Tento enfatizar que o gosto popular sabe também apreciar
o que é bom, mais erudito. O segundo
depoimento é pessoal. Escrevo no Caderno C, no jornal A Cidade, há quase dez
anos. Tenho liberdade de escolha dos temas. Também respeito os Leitores, que,
para mim, são sempre um mistério. Vario de gênero nos textos, que são ora muito
simples e accessíveis, ora bem jornalísticos, com linguagem mais denotativa, outras
vezes mais literária, usando a conotação e assuntos mais complexos. Ora, aprecio
muito a arte de Dalí, sobre a qual há críticas controversas. Conheço o Museu
Dalí, em Figueras, na Espanha, na Região da Cataluña, Província de Girona. O
surrealismo de Salvador Dalí impressiona, surpreende, atrai visitantes do mundo
inteiro.
Há algum tempo resolvi usar minha coluna descrevendo um
quadro de Dalí, comentando sua beleza, complexidade e criatividade singular.

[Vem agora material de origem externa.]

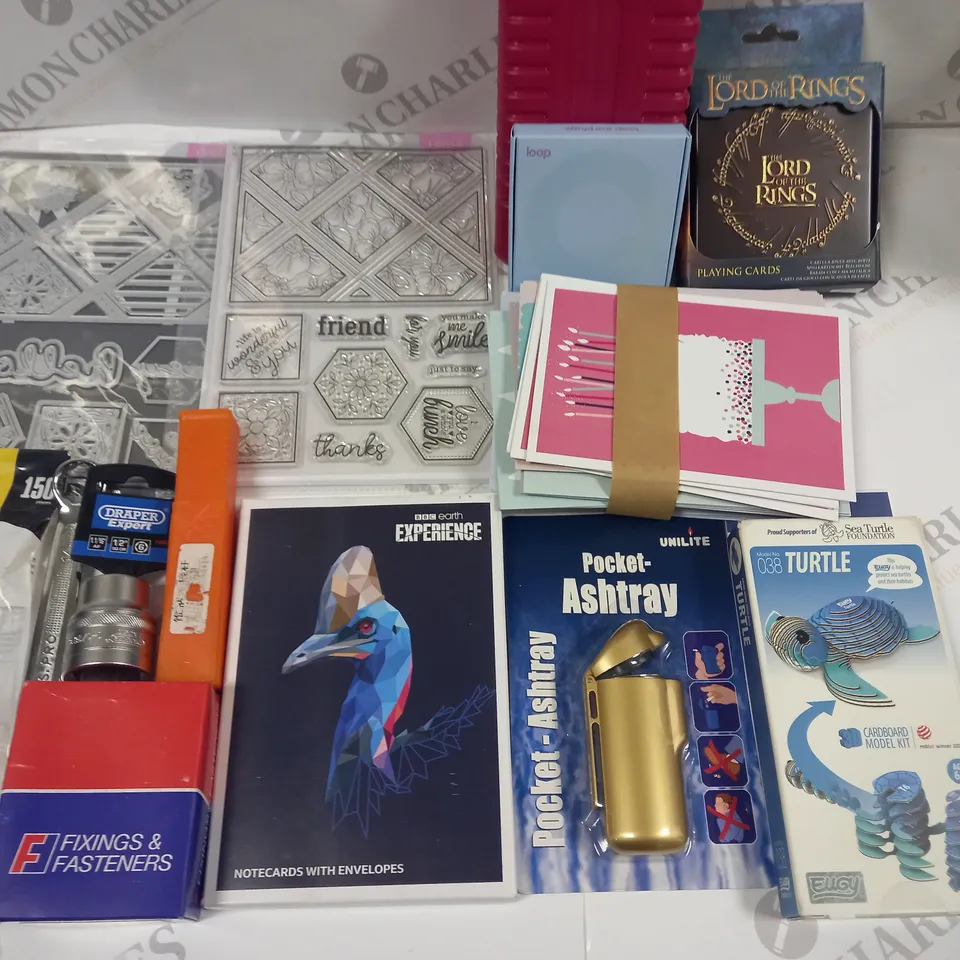 LOT OF ASSORTED HOUSEHOLD ITEMS TO INCLUDE LORD OF THE RINGS PLAYING CARDS, 3D TURTLE AND FLAT BOLT
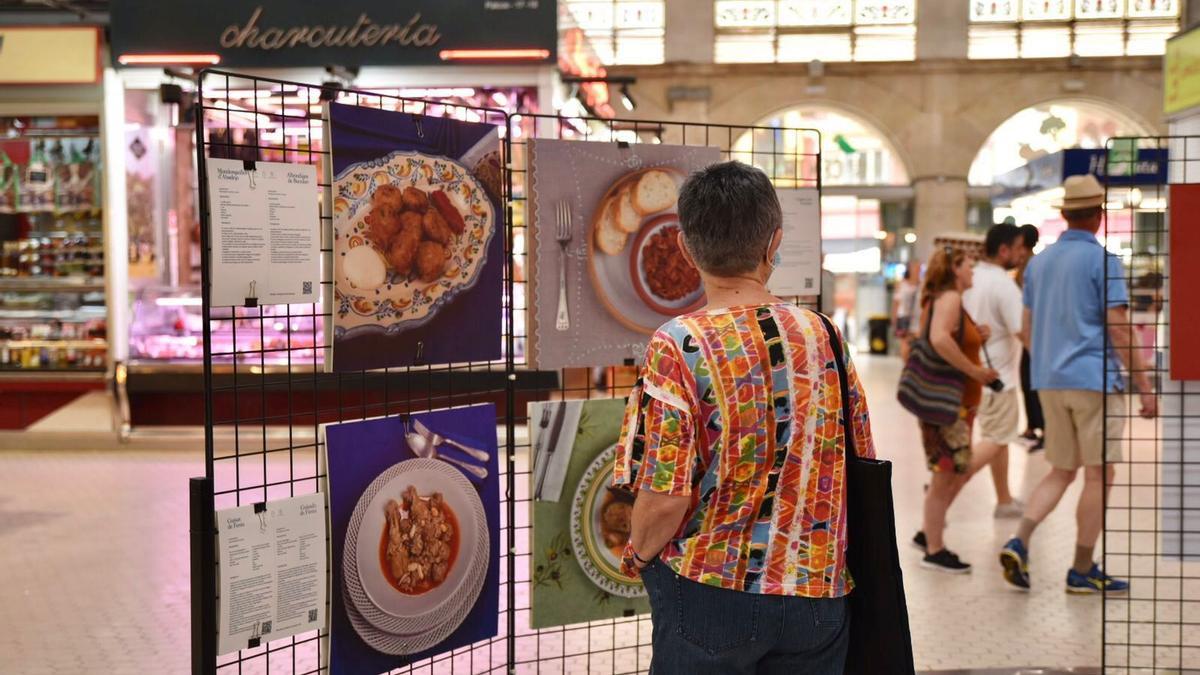 La muestra puede verse debajo de la cúpula central del Mercado Central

Confesso que se o assunto me agradava, todavia o artigo teria talvez poucos
leitores. Para minha surpresa, tive um grande retorno, com e-mails e
telefonemas dizendo terem apreciado o que escrevi e um recado me surpreendeu
sobremaneira: “Sou borracheiro, entendo pouco de Arte, mas seu artigo foi um os
mais belos textos que já li”. Reelaborei
o texto, completando-o e, a pedidos, brevemente voltarei a publicá-lo.
O terceiro depoimento é mais
convincente, pois fala do gosto do povo, do que ele aprecia. Em uma das Feiras
do Livro, deu-se o encerramento com a Orquestra Sinfônica de Ribeirão Preto tocando
músicas clássicas, na Praça XV. Era uma linda manhã fresca e azul; compareceu
uma multidão de seis mil pessoas. O povo gostou muito, ficou em um silêncio
quase religioso, aplaudiu com entusiasmo.
Foi um exemplo de bom gosto e sensibilidade.
Assim, volto a enfatizar: o povo
parece gostar só do que é ruim, não tem capacidade de apreciar o que é belo,
mais elevado e sutil. Não é verdade. Talvez seu propalado mau gosto seja fruto
da falta de oportunidade de provar o que é bom.
A comida caseira, que lhe é oferecida todos os dias, principalmente pela
Televisão, é um fast-food de péssima qualidade. É hora de mudar o cardápio, pois o aforisma
popular já denuncia: O mau hábito faz o monge.